TO DO:
Start at the line below containing "ホーム＆キッチン,キッチン用品・食器・調理器具,鍋・フライパン" and stop at the line containing "Bluetooth speaker - FCC". Repeat every line of that stretch exactly, and nothing outside it.

Brief descriptive captions:
·····
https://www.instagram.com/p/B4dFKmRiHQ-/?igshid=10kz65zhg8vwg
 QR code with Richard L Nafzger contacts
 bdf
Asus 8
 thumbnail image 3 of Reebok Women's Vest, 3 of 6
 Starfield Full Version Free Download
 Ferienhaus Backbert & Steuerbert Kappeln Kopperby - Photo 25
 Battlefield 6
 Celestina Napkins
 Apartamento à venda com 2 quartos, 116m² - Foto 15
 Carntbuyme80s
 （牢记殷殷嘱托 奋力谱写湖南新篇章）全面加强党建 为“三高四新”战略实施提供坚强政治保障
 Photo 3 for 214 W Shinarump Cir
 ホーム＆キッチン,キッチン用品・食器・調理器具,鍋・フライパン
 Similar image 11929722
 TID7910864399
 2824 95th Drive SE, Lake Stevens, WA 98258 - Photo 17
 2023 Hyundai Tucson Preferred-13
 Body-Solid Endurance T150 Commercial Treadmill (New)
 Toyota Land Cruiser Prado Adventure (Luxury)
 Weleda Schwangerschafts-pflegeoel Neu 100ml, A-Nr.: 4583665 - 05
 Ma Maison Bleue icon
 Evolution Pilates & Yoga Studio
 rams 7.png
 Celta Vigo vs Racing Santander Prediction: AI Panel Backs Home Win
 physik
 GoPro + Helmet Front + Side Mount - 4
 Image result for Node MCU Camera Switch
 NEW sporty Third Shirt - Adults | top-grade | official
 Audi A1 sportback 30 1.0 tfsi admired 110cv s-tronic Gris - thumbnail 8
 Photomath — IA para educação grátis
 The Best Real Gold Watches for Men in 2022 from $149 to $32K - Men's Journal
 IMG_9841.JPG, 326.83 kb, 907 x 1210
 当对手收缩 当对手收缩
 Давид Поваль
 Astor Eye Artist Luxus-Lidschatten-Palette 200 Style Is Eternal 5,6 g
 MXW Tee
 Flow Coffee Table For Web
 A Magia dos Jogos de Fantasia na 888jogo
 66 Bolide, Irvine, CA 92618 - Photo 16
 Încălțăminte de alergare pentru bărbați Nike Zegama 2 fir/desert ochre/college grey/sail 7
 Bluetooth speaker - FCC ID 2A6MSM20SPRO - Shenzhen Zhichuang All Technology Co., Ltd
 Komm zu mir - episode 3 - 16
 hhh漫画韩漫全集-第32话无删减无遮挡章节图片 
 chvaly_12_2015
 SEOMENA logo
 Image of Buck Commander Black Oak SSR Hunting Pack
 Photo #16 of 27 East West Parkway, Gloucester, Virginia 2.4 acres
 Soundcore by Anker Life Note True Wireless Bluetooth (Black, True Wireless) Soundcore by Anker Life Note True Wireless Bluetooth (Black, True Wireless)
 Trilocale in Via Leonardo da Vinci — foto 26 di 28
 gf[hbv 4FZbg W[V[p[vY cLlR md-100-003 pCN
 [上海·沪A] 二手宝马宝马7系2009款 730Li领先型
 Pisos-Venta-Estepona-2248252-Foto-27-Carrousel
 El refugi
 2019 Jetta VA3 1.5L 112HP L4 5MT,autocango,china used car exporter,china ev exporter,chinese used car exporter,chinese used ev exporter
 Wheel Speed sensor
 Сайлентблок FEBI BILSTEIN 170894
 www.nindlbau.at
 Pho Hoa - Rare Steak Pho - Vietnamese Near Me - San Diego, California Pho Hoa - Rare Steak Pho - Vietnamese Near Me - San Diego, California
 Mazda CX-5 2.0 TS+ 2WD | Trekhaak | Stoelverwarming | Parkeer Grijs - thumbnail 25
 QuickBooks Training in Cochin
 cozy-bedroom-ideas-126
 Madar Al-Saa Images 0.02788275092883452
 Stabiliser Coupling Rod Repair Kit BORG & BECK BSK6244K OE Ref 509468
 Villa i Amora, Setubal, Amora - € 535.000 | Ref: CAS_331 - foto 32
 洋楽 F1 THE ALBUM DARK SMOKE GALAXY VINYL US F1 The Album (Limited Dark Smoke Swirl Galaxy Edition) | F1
·····
SOLUTION TO THE EXERCISE:
 ホーム＆キッチン,キッチン用品・食器・調理器具,鍋・フライパン
 Similar image 11929722
 TID7910864399
 2824 95th Drive SE, Lake Stevens, WA 98258 - Photo 17
 2023 Hyundai Tucson Preferred-13
 Body-Solid Endurance T150 Commercial Treadmill (New)
 Toyota Land Cruiser Prado Adventure (Luxury)
 Weleda Schwangerschafts-pflegeoel Neu 100ml, A-Nr.: 4583665 - 05
 Ma Maison Bleue icon
 Evolution Pilates & Yoga Studio
 rams 7.png
 Celta Vigo vs Racing Santander Prediction: AI Panel Backs Home Win
 physik
 GoPro + Helmet Front + Side Mount - 4
 Image result for Node MCU Camera Switch
 NEW sporty Third Shirt - Adults | top-grade | official
 Audi A1 sportback 30 1.0 tfsi admired 110cv s-tronic Gris - thumbnail 8
 Photomath — IA para educação grátis
 The Best Real Gold Watches for Men in 2022 from $149 to $32K - Men's Journal
 IMG_9841.JPG, 326.83 kb, 907 x 1210
 当对手收缩 当对手收缩
 Давид Поваль
 Astor Eye Artist Luxus-Lidschatten-Palette 200 Style Is Eternal 5,6 g
 MXW Tee
 Flow Coffee Table For Web
 A Magia dos Jogos de Fantasia na 888jogo
 66 Bolide, Irvine, CA 92618 - Photo 16
 Încălțăminte de alergare pentru bărbați Nike Zegama 2 fir/desert ochre/college grey/sail 7
 Bluetooth speaker - FCC ID 2A6MSM20SPRO - Shenzhen Zhichuang All Technology Co., Ltd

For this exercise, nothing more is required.